Post war, (and it's probably not much different now), the 'towns' in the N.T. were basically mining camps...full of rough, tough, isolated and 'socially deprived' guys.

Al and 'associates' would arrive, set up a boxing ring, (by which time everyone was gathered around to watch), and put on a few 'exhibition bouts'.

When the mood was right they'd issue a 'challenge'....."Go three rounds with one of our guys and win (whatever amount of money)".

(Every camp/town had that _one_ guy.....the local toughie...who, even if he wanted to, couldn't resist the peer pressure to 'show them'.)

Al said that, for the first two rounds, his guy would take a beating.....while the rest of his troupe was busy taking/placing, (what appeared to the suckers to be a foregone conclusion), bets.

Third round.....boxer would go in the ring and beat the absolute crap out of the 'contender' (as Al said "We were professional boxers, they weren't...they didn't stand a chance").


Money collected....trucks packed...gone....before anyone (of the suckers) clued in...if they ever did.


----------



## sags (May 15, 2010)

Good topic Nemo..........should be interesting and I look forward to reading people's contributions.


----------



## Toronto.gal (Jan 8, 2010)

^ +1.

*Nemo:* that's you on the right? You haven't changed much. 

On this forum, you're definitely one of the most interesting members.


----------



## Nemo2 (Mar 1, 2012)

Toronto.gal said:


> ^ +1.
> 
> *Nemo:* that's you on the right?


'Tis indeed I. Where did the past 52 years go?


----------



## Rubab20 (Sep 11, 2014)

My Granma Met Hulk Hogan in an airport and got his autograph.


----------



## sags (May 15, 2010)

Not anyone terribly famous........but I have met a lot of NHL hockey players, referees, or parents.

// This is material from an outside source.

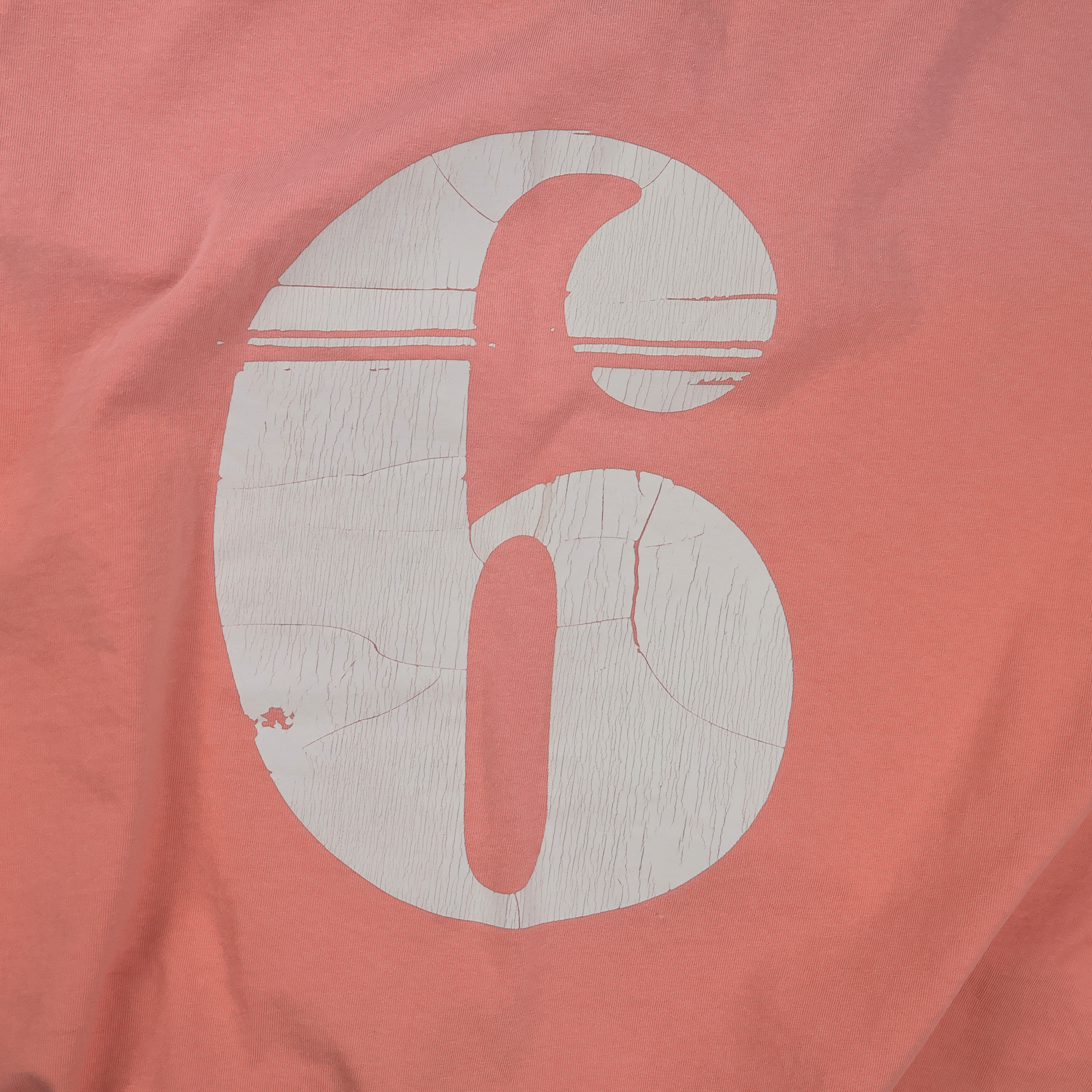 【2027SS】5507-1　Print T 6
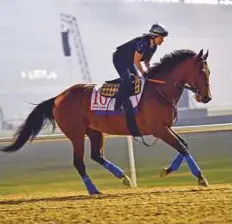  ?? Virendra Saklani/Gulf News ?? ■ Bob Baffert-trained Dubai World Cup contender West Coast during the trackwork at Meydan.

One person I would like to have met..........would have been Sir Winston Churchill.

Such a flair for words and thought..........I wonder if he talked that way over lunch.

Perhaps my interest was stirred because I attended an elementary school that bore his name.......and we wondered who is the man who relentlessly watches us from the portrait on the wall.

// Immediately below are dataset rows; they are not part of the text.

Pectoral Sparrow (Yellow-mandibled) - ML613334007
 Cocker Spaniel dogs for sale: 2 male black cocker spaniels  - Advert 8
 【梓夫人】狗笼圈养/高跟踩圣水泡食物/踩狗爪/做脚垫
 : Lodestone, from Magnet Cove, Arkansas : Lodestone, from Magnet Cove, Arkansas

The teachers gave us some obligatory glimpses of his life.

http://politicalhumor.about.com/od/Funny-Historical-Quotes/a/Winston-Churchill-Quotes.htm


----------



## indexxx (Oct 31, 2011)

Lots of musicians in my time in the business and also through running bars- All of Guns n' Roses, the Cult, AC/DC, Todd Rundgren (at an Oktoberfest tent in Munich), Lemmy from Motorhead a couple of times (we drank bourbon), the Tragically Hip, Joseph Arthur (if anyone knows who he is- I'm a huge fan of all his many artistic endeavours), Ozzy Osbourne, Pete Best (original Beatles drummer, jammed with him on the streets of Manchester when I was busking through Europe). Briefly had a fling with a girl from Nottingham who had a hit with a remake of Stayin' Alive in the mid-90's. I think her mother played keys or something at some point for Andrew Lloyd Webber. An old friend of mine taught Slayer how to hot knife hashish and another dropped acid with Nirvana before they were famous.

When my band played the Whiskey in L.A. we drank next to Ron Jeremy, and also Bruce Kulick from Kiss in the Rainbow. Joey Buttafuoco was there also.

Actors- Charles Martin Smith (Untouchables, American Graffiti) used to drink Mojitos on my bar in Vancouver's West End while reading scripts, Ryan Reynolds used to be a regular at my bar in Vancouver's Kitsilano almost 16-17 years ago- both super nice guys. Met Penn and Teller.

Sports figures- Gordie Howe, Bobby Hull, Frank Mahovlich and many others from the late 60's/early 70's. I have their autographs somewhere.

Erin Brockovich sat on my bar in the Caymans. Met a ton of fantastic people in my travels, some famous, many just with incredible stories. I've got a picture somewhere in a bar in either Holguin or Santa Clara, Cuba taken with a guy who fought beside Gueverra against Batista. He was captured and tortured. I've got another shot with a former Dachau inmate who used to stand outside the crematorium and tell people what it was really like. He'd give you his business card for a little money to help in his old age- I still have it somewhere in my travel memorabilia. One of Donald Trump's lawyers took over the receivership for the resort I was running a nightclub at in the Caymans- he's a Duke law professor. He had great stories about taking over properties in the Caribbean- things like villagers burning him in effigy for cutting off the hot water they were stealing from the resorts and piping it down the hill to their settlement.

I traveled with the daughter of Kathy Reichs, the ridiculously rich author of the Bones series, in the Czech Republic in 1998 when she was a lawyer. Kerry (the daughter) is now a well-published novelist in her own right. 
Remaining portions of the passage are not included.